*Material for the task*
╔══

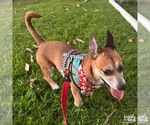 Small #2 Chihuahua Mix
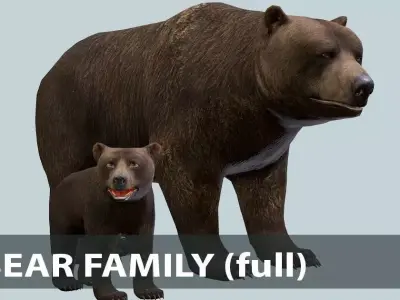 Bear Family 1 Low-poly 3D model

╚══
╔══

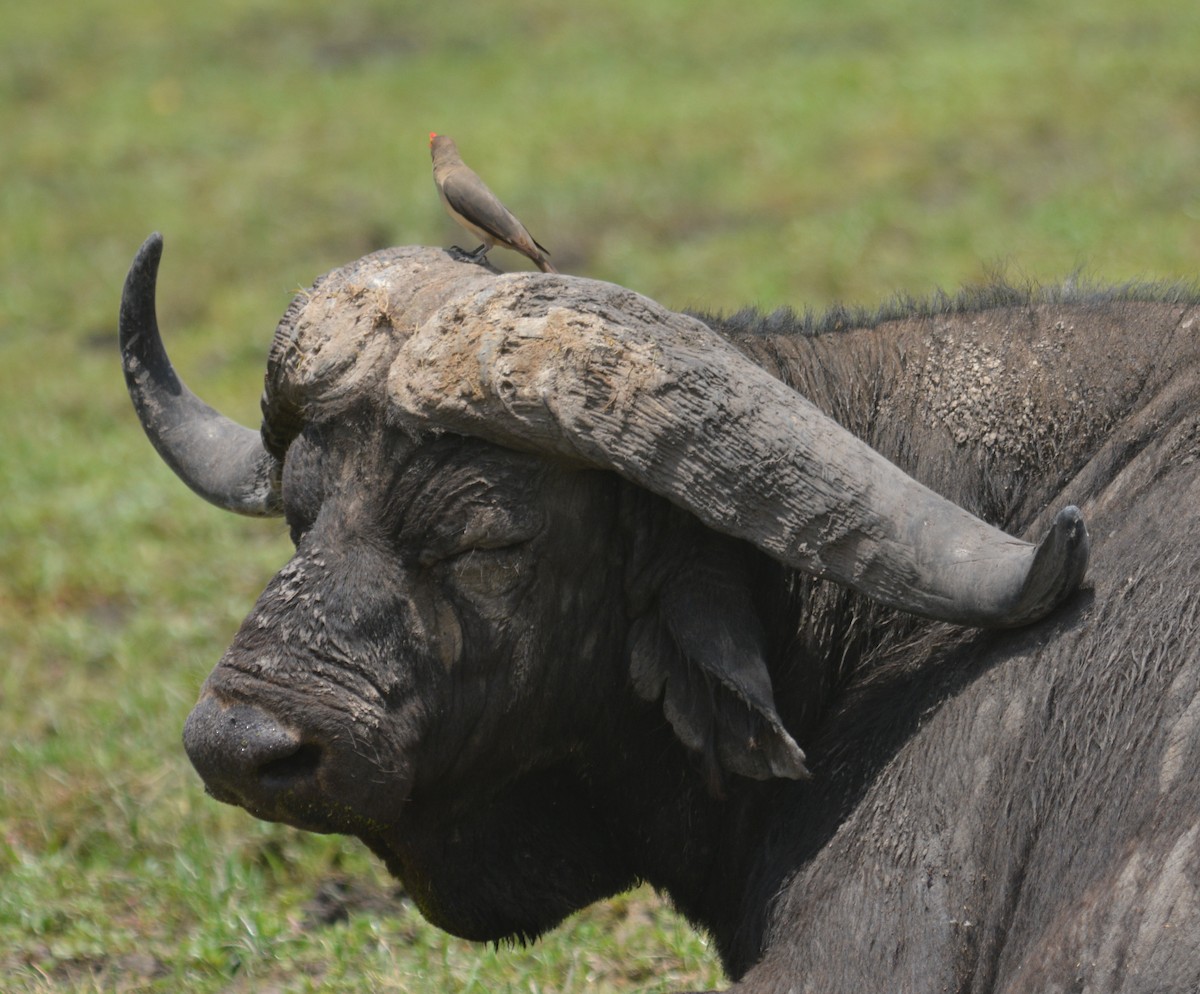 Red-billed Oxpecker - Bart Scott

╚══

*Work item*
Copy everything above from the line holding "Small #2 Chihuahua Mix" down to the line holding "Bear Family 1 Low-poly 3D model", both ends included, exactly as it stands and without the pictures.

*Solution for this task*
 Small #2 Chihuahua Mix
 Bear Family 1 Low-poly 3D model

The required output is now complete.